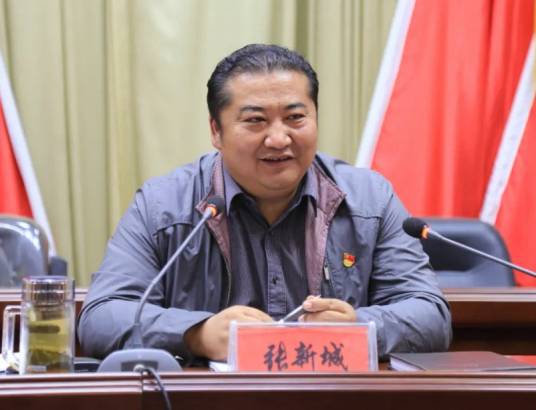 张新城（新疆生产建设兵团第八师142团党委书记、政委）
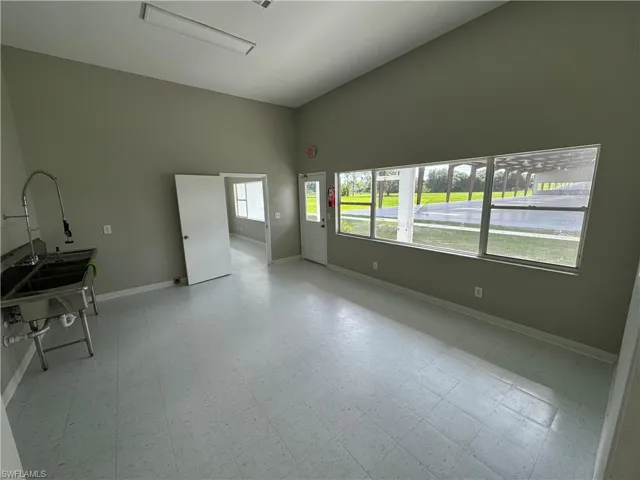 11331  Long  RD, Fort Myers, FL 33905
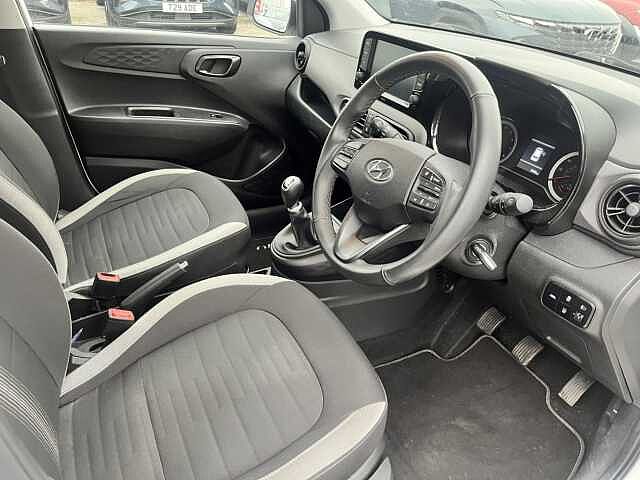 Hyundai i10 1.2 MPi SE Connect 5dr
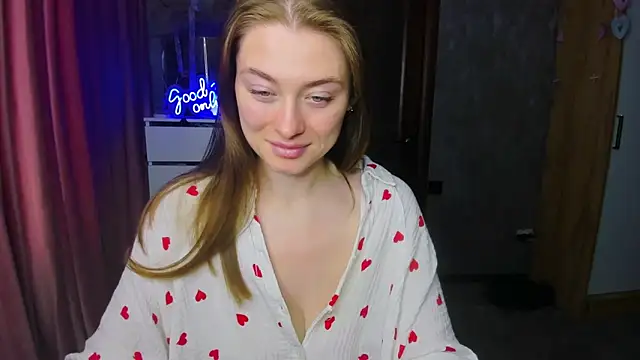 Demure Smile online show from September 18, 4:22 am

+--

_Task to complete_:
Give the data back exactly, omitting all pictures.

_Completed task_:
 张新城（新疆生产建设兵团第八师142团党委书记、政委）
 11331  Long  RD, Fort Myers, FL 33905
 Hyundai i10 1.2 MPi SE Connect 5dr
 Demure Smile online show from September 18, 4:22 am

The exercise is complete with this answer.